Use this timeout decorator.
import signal
class TimeoutError(Exception):
def __init__(self, value = "Timed Out"):
self.value = value
def __str__(self):
return repr(self.value)
def timeout(seconds_before_timeout):
def decorate(f):
def handler(signum, frame):
raise TimeoutError()
def new_f(*args, **kwargs):
old = signal.signal(signal.SIGALRM, handler)
signal.alarm(seconds_before_timeout)
try:
result = f(*args, **kwargs)
finally:
signal.signal(signal.SIGALRM, old)
signal.alarm(0)
return result
new_f.func_name = f.func_name
return new_f
return decorate
Usage:
import time
#timeout(5)
def mytest():
print "Start"
for i in range(1,10):
time.sleep(1)
print "%d seconds have passed" % i
if __name__ == '__main__':
mytest()
Probably the most straight-forward approach (you can put this into a decorator if you like, but that's just cosmetics I think):
import time
import datetime
class MySQLWrapper:
def __init__(self, min_period_seconds):
self.min_period = datetime.timedelta(seconds=min_period_seconds)
self.last_calltime = datetime.datetime.now() - self.min_period
def insert(self, item):
now = datetime.datetime.now()
if now-self.last_calltime < self.min_period:
print "not insert"
else:
self.last_calltime = now
print "insert", item
m = MySQLWrapper(5)
m.insert(1) # insert 1
m.insert(2) # not insert
time.sleep(5)
m.insert(3) # insert 3
As a side-note: Have you noticed RRDTool during your web-search for related stuff? It does apparantly what you want to achieve, i.e.
a database to store the most recent values of arbitrary resolution/update frequency.
extrapolation/interpolation of values if updates are too frequent or missing.

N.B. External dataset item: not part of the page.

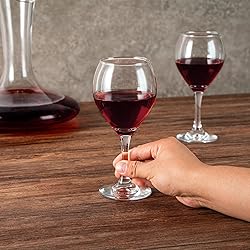 Restaurantware-Vetri 10.75 Ounce All Purpose Wine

generates graphs from the data.
An approach could be to store all data you can get into your MySQL database and forward a subset to such RRDTool database to generate a nice time series visualization of it. Depending on what you might need.
import time
def timeout(f, k, n):
last_time = [time.time()]
count = [0]
def inner(*args, **kwargs):
distance = time.time() - last_time[0]
if distance > k:
last_time[0] = time.time()
count[0] = 0
return f(*args, **kwargs)
elif distance < k and (count[0]+1) == n:
return False
else:
count[0] += 1
return f(*args, **kwargs)
return inner
timed = timeout(lambda x, y : x + y, 300, 1)
print timed(2, 4)
First argument is the function you want run, second is the time interval, and the third is the number of times it's allowed to run in that time interval.
Each time the function is run save a file with the current time. When the function is run again check the time stored in the file and make sure it is old enough.
Just derive to a new class and override the insert function. In the overwriting function, check last insert time and call father's insert method if it has been more than five minutes, and of course update the most recent insert time.